ECLI:NL:HR:2021:1329

Hoge Raad

Datum uitspraak
17 september 2021
Publicatiedatum
17 september 2021
Zaaknummer
20/02395
Instantie
Hoge Raad
Type
Uitspraak
Rechtsgebied
Bestuursrecht; Belastingrecht
Procedures
  • Cassatie
Vindplaatsen
  • Rechtspraak.nl
AI samenvatting door LexboostAutomatisch gegenereerd

Cassatie tegen uitspraak Gerechtshof 's-Hertogenbosch over overdrachtsbelasting

In deze zaak heeft [X] B.V. te [Z] (hierna: belanghebbende) beroep in cassatie ingesteld tegen de uitspraak van het Gerechtshof 's-Hertogenbosch van 25 juni 2020, nr. 19/00610. Dit hoger beroep volgde op een eerdere uitspraak van de Rechtbank Zeeland-West-Brabant (nr. BRE 17/3449) betreffende een door belanghebbende op aangifte voldaan bedrag aan overdrachtsbelasting. De belanghebbende, vertegenwoordigd door A.J. de Ruiter, heeft een aantal middelen voorgesteld in het cassatieberoep. De Staatssecretaris van Financiën, vertegenwoordigd door [P], heeft een verweerschrift ingediend en aanvullingen op zowel het beroepschrift als het verweerschrift ingediend. Na beoordeling van de middelen heeft de Hoge Raad geconcludeerd dat deze niet kunnen leiden tot vernietiging van de uitspraak van het Hof. De Hoge Raad heeft geen verdere motivering gegeven, aangezien de beoordeling van de middelen niet vereist dat er antwoord wordt gegeven op vragen die van belang zijn voor de eenheid of ontwikkeling van het recht, zoals vermeld in artikel 81, lid 1, van de Wet op de rechterlijke organisatie. De Hoge Raad heeft ook geen aanleiding gezien voor een veroordeling in de proceskosten. Uiteindelijk heeft de Hoge Raad het beroep in cassatie ongegrond verklaard, en dit arrest is uitgesproken in het openbaar op 17 september 2021.

Uitspraak

HOGE RAAD DER NEDERLANDEN
BELASTINGKAMER
Nummer20/02395
Datum17 september 2021
ARREST
in de zaak van
[X] B.V. te [Z] (hierna: belanghebbende)
tegen
de STAATSSECRETARIS VAN FINANCIËN
op het beroep in cassatie tegen de uitspraak van het Gerechtshof 's-Hertogenbosch van 25 juni 2020, nr. 19/00610, op het hoger beroep van belanghebbende tegen een uitspraak van de Rechtbank Zeeland-West-Brabant (nr. BRE 17/3449) betreffende een door belanghebbende op aangifte voldaan bedrag aan overdrachtsbelasting.

1.Geding in cassatie

Belanghebbende, vertegenwoordigd door A.J. de Ruiter, heeft tegen de uitspraak van het Hof beroep in cassatie ingesteld en daarbij een aantal middelen voorgesteld.
Belanghebbende heeft – binnen de cassatietermijn – een geschrift ingediend, dat de Hoge Raad aanmerkt als een aanvulling op het beroepschrift in cassatie.
De Staatssecretaris, vertegenwoordigd door [P], heeft een verweerschrift ingediend.
De Staatssecretaris heeft – nadat hij daartoe in gelegenheid was gesteld – een geschrift ingediend, dat de Hoge Raad aanmerkt als een aanvulling op het verweerschrift in cassatie.
Belanghebbende heeft een conclusie van repliek ingediend.
De Staatssecretaris heeft een conclusie van dupliek ingediend.

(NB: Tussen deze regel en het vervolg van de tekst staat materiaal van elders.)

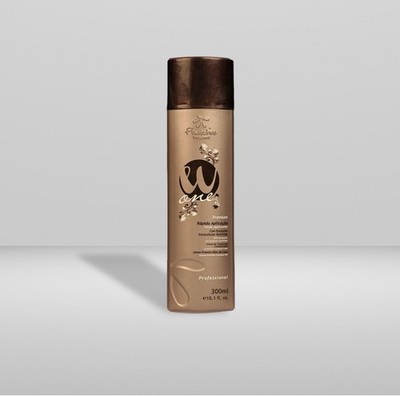 FLORACTIVE PROFISSIONAL W One Nanoplastia Treatment 300ML Free shipping SEALED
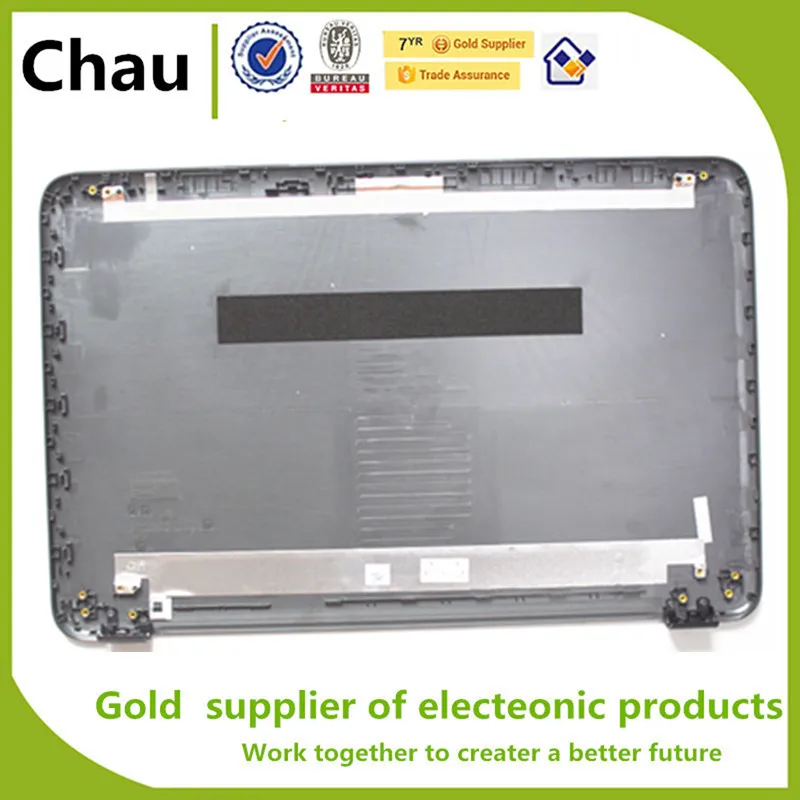 New For HP 15-BA 15-BD 15-AY 250 255 256 G5 LCD Back Cover+Lcd Front Bezel Cover 859511-001 AP102000210 AP102000430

2.Beoordeling van de middelen

De Hoge Raad heeft de middelen over de uitspraak van het Hof beoordeeld. De uitkomst hiervan is dat deze middelen niet kunnen leiden tot vernietiging van die uitspraak. De Hoge Raad hoeft niet te motiveren waarom hij tot dit oordeel is gekomen. Bij de beoordeling van deze middelen is het namelijk niet nodig om antwoord te geven op vragen die van belang zijn voor de eenheid of de ontwikkeling van het recht (zie artikel 81, lid 1, van de Wet op de rechterlijke organisatie).

3.Proceskosten

De Hoge Raad ziet geen aanleiding voor een veroordeling in de proceskosten.

4.Beslissing

De Hoge Raad verklaart het beroep in cassatie ongegrond.
Dit arrest is gewezen door de raadsheer J. Wortel als voorzitter, en de raadsheren A.F.M.Q. Beukers-van Dooren en P.A.G.M. Cools, in tegenwoordigheid van de waarnemend griffier F. Treuren, en in het openbaar uitgesproken op 17 september 2021.